Michael, we just got the help to this first oneoff period. You're making me old here before my time. In a word, we're not looking at it. We've got just a lot of work we can do with the one airplane type.

Drew and team are -- I think we've said we have -- how many hundreds of markets, routes?

Drew Wells -- Vice President of Revenue and Planning

We have 459 routes.

Maury Gallagher -- Chairman and Chief Executive Officer

That, yes, we can still look out. We've gotten international, so --

Drew Wells -- Vice President of Revenue and Planning

And another 600 or more incremental on top of it.

Maury Gallagher -- Chairman and Chief Executive Officer

Yes. I mean, so keep it simple, stupid. I think I really want to take a moment and put out the boys out to Scott Sheldon and the whole ops team and what they've done, and this has just been a lot of elbow grease, pulling up your sleeves. And as I said in my own comments, fixing airplanes is a job in and of itself.

The best airplanes in the world are going to need work. And if you're not well organized in taking care of business, it's going to show up even with the best of airplanes.
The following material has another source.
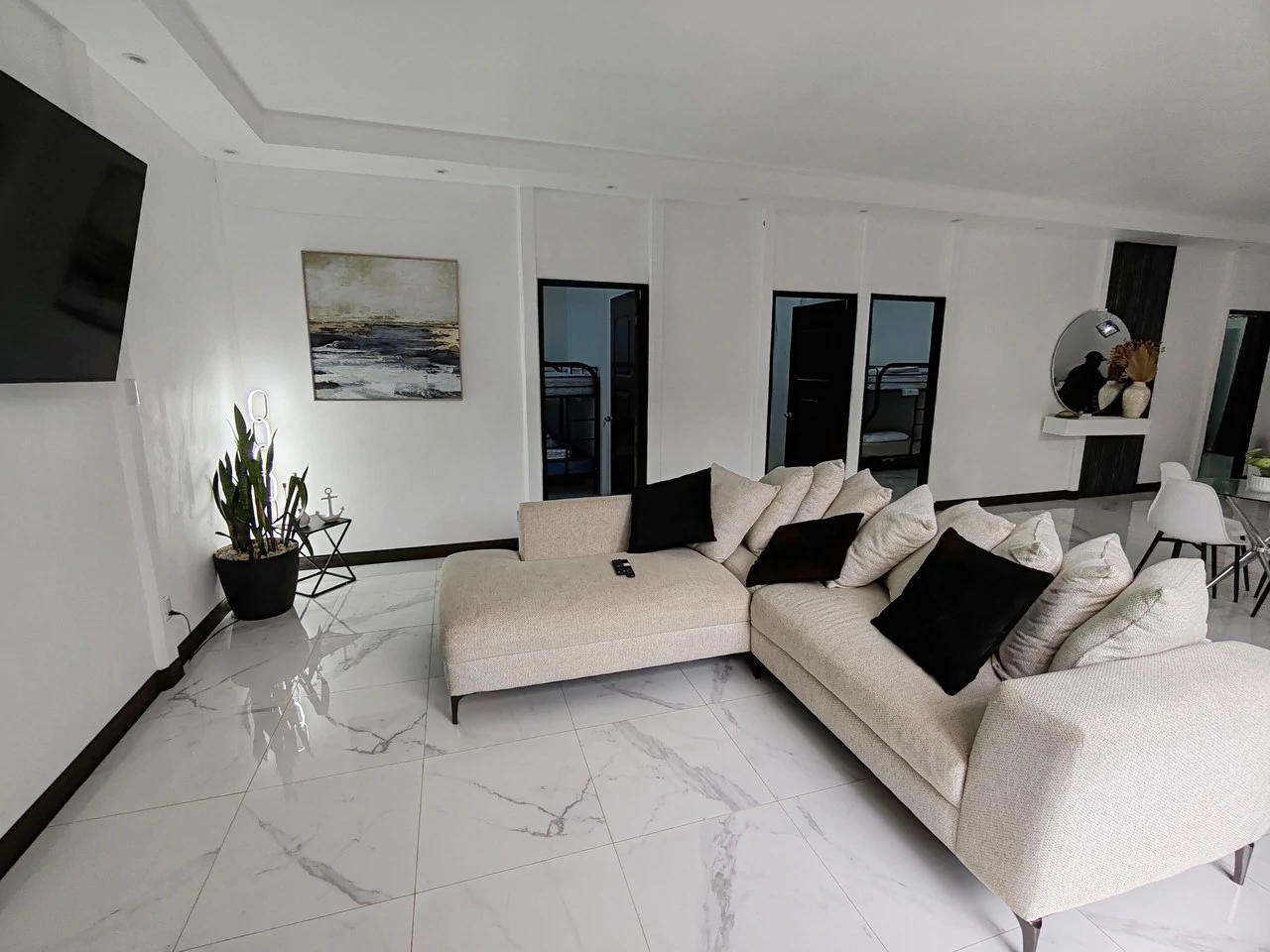 ID 994: 3 Bd 2.5 Bd home with Pool on 400m lot in Playa Negra - Gallery image 6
So it's pretty impressive what we've done in two years, and it really was a will to just make it good and make it right. And this current management team, I know we've caught some flack in the past, management people leaving us.

But I think we've demonstrated over and over again the deep and wide bench we have here and the quality of the product we're putting out. And again, with the Allegiant 2.0 and the customer focus, reputational importance is second to none. And I think you're seeing that in the industry as well. The speed of the social media post is a new today or a new world weapon, if you will, in our customers' hands that focuses some operational and marketing aspects of the company to a much greater degree than they might have been in the past.

Michael Linenberg -- Deutsche Bank -- Analyst

Great answer, Maury. Just so you know that was a test question and you answered it correctly. So good answer.

Maury Gallagher -- Chairman and Chief Executive Officer

We've known each other too long, Michael, to be doing that to me.

Michael Linenberg -- Deutsche Bank -- Analyst

I'm sorry, because I don't think you are.

Operator

Thank you. Our next question comes from the line of Hunter Keay from Wolfe Research. Your question, please.

Hunter Keay -- Wolfe Research -- Analyst

Thanks. Hi, everybody. Hey, John, can you please do me a favor and elaborate a little bit on the Sunseeker? I know it's -- the slip. I should say in the schedule; I know it's hard to nail the -- these things down quarter to quarter.

But the nature of the question is does this relate to anything like -- around like permitting issues? Was it something tied to engineering or design? Was it like a labor shortage issue? Just trying to understand a little more what did push that to the right a little bit.

John Redmond -- President -- Analyst

It's hard to point to any one thing, Hunter. It's always a good question. But the one thing I can -- I should mention is once you get started, the difficulty of predicting a start date because there's so many things that have to happen in order for us to start a project. But what I can say is once you do start the project, the end date is much more predictable because the sequential nature of construction is much easier to predict.

So the start date is always a moving target. So, this is nothing abnormal. When you look at development projects, they're always difficult to predict the start. But that's why I was mentioning by the October conference call, I'll be able to give you a relative certainty what the opening date will be or at least the opening month and some real affirmations regarding the ability to hit budget.

So it's just a -- the normal start to a project especially one of this size. This is a very large project as I'm sure you all know. Probably the largest that's -- a nongaming resort that's under construction in the U.S. So nothing unusual.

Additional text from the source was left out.